# TiVo Stream and TiVo Online



## marcberm (Nov 23, 2014)

I currently have two (2) Premier two-tuner DVRs and a TiVo Stream. I've yet to experience any issues, however a couple of weeks ago, the stream quality via online.tivo.com degraded significantly.

Viewing is just fine on the television/DVR itself. Same goes for viewing via the TiVo app (at least on iPhone and iPad).

My problem seems to be related exclusively to viewing from online.tivo.com. Nearly every show has become unwatchable due to many, many momentary blips, freezes, and other video/audio anomalies. For example: temporary freezing of video for just a moment as audio continues, what seem like short breaks in video that come along (every several seconds) along with a corresponding disturbance of the audio.

The issue strikes me as some sort of problem or change with the online.tivo.com site itself, and the behavior almost seems like what you'd get with a bad or not-quite-right video codec. I am unsure what to believe - whether there's a problem with the Stream device, or it is something else entirely.

I have so far replicated this behavior in Google Chrome on both a Windows 7 and a Windows 10 PC. Microsoft Edge (Windows 10) tells me that my streaming device can't be found or that I'm outside my home network (I am not). Internet Explorer on the Windows 10 machine won't even load a video successfully, and just hangs on the spinning blue loading/buffering icon.

I have tried several times to repeat setup of the Stream via the iOS app to no avail.

Is anyone else experiencing this, or able to offer some insight and/or suggestions?

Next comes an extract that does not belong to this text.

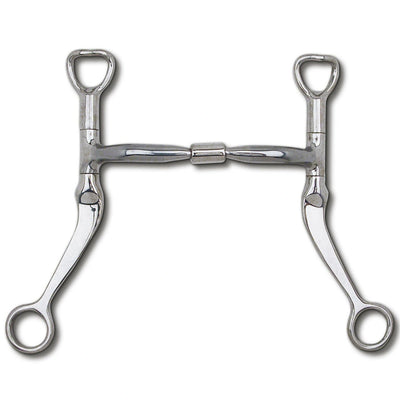 Myler Flat Shank With Sweet Iron Comfort Snaffle 5 Inch Mouth Copper Inlay Mb 01 - Hooves and Paws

Thanks to anyone that is able to help!


----------



## PCurry57 (Feb 27, 2012)

Other places to look for changes that affect other devices include router firmware, had it recently been upgraded, is it the latest. Microsoft and their more frequent security updates that in Windows 10 you can't say no to could also be causing issues. Have you installed any new software on your devices. Try turning off syncing for Google drive/photos, Dropbox, box, Idrive, onedrive, Amazon photos... These and anything running I the background can all interfere.

I've not experienced any degradation streaming on my notebook except when I had background operations running.


----------



## OhFiddle (Dec 11, 2006)

I would just wait a few days before you do any troubleshooting. It's not just you having issues, and I think they may be working on a fix already tonight. My hunch is that there is a significant problem with the Tivo site and at least the latest version of Flash in Chrome and Chromium based browsers.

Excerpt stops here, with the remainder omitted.